Steganography is the art of hiding information within container files to conceal the existence of embedded information. Media files have been the most common containers for hiding embedded data due to which there is a lot of scrutiny on media files when they are transferred. Most of the DLP (Data Leak Prevention) system focus on media files when checking for steganography. Word documents on the other hand are common enough that they can be used as containers for hidden information without raising flags.
In this paper we explore hiding secret data in a Word document by inserting multiple color tags into the file that alter the color for each character in the document to encode data without changing the visual look of the document.
Modern DLP systems can detect hidden information in media files such as images, videos or audio files by performing analysis of files to detect modification and potentially identify the hidden data. In order to be able to send data without detection a new method of hiding data needs to be found. In this paper we look at how to hide text in a word document by modifying the color tags in the word document. This allows us to exfiltrate data using word files with a minimal risk of detection using existing tools.
Introduction and History
Steganography is the art of hiding data or a message inside another file or object. This object can be an image, text, audio or video file. The word has Greek roots, and is a combination of steganos (“concealed, protected”) and graphy (“writing.”).
The first known use of steganography was in ancient Greece around 440 B.C, where the Greek ruler Histaeus would shave the head of a slave and tattoo a secret message on the slave’s scalp. After which he would wait for their hair to grow to hide the secret message and send the slave to the recipient who would then shave the head to get the message. (UK Essays, 2021) Another example from the same time period is when Demaratus sent a warning about a forthcoming attack to Greece by carving the message on the wood of a wax tablet before covering it with a fresh wax coat. This tablet that looked blank was delivered to Greece along with other blank tablets, where the Greeks removed the wax layer to read the hidden message. (Perera, 2011)
In more modern times, Steganography was used during the second world war by the Germans who used Microdots to reduce complete documents to the size of a dot which was then placed on a normal looking letter or document. Another technique used often was to encode messages in knitted scarves or sweaters sent to operatives. Every knitted garment is made of different combinations of just two stitches: a knit stitch, which is smooth and looks like a “v”, and a purl stitch, which looks like a horizontal line or a little bump. By making a specific combination of knits and purls in a predetermined pattern, spies could pass on a custom piece of fabric and read the secret message. (Zarrelli, 2021)
With the Digital age, the options to encode messages in digital files became available and steganography evolved to make use of the new medium.
How Digital Steganography works
Most digital files contain sections that can be altered without showing any obvious effects in the file. Modern techniques hide data in files by using one of the following approaches:
Adding bits to a file:
In this approach the hidden text is added to the “file header”, which usually contains information such as the file type or the resolution and color depth of a photo. This method is relatively easy to detect if we look at the file size difference. For example, if we add 1 MB of secret data to a 4 MB file, the output file size would increase by 1MB making it easy to detect if the resultant file was compared with the original.

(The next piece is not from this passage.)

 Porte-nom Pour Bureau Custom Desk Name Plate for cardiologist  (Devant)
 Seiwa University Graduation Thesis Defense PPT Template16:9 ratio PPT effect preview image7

Changing the Least Significant Bit (LSB):
To resolve this problem of changing file size, a new technique was created that makes use of the fact that the LSB’s in a file can be altered without significantly altering the source i.e. if the container was an image the altered image would look the same to human eyes. As an example, in an image file each pixel is comprised of three bytes of data corresponding to the colors red, green, and blue. LSB steganography changes the last bit of each of those bytes to hide one bit of data. Which allows a user to hide data in the file without changing the file size. The same technique can be applied to other media files such as Video or Audio files as well.
The larger the container file, the more data can be encoded into the file, which is why use of Images, Video and audio files is very popular with Steganographic users, as it allows the user to hide large quantities of data in a single file. The major limitation of using media files is that if the target doesn’t usually send or receive media files, then it is a break in the routine if they start suddenly sending or receiving such files.
Word Documents or Text files on the other hand are the bread and butter of all organizations and every user sends and receives a lot of documents throughout the course of the day. So, if we are able to hide data in a word file, then it would be easier to exfiltrate the data.
How to hide data in a text file
There are a lot of options available for use to hide information in a text file and some of them have been used historically for this purpose already, the digital text just gives us a new medium for the hidden text. Some of the options are as below:
Using patterns of letters within word
In this technique the user would send a normal looking message or document to another user. They would hide a secret message in the file by encoding a message that can only be read by taking the ith letter of each word in the message. The advantage is that you can send a lot of data using this technique, but the disadvantage is that the message can end up sounding very stilted because of the requirements of the steganography.
Using the Whitespace in the document to hide data
Another option is to use the spacing differences in the file to encode a message. One example is for the sender to put in one space after a full stop to mean 0 and two spaces after it to represent a 1. By looking at the spacing the secret message can be spelled out. The main problem with this approach is that it does not allow large quantity of data to be sent in a file, but the advantage is that it is harder to detect.
In this paper we are looking at a third way to hide data in a document by modifying the color tags in the document and we will look at this in more detail in the next section.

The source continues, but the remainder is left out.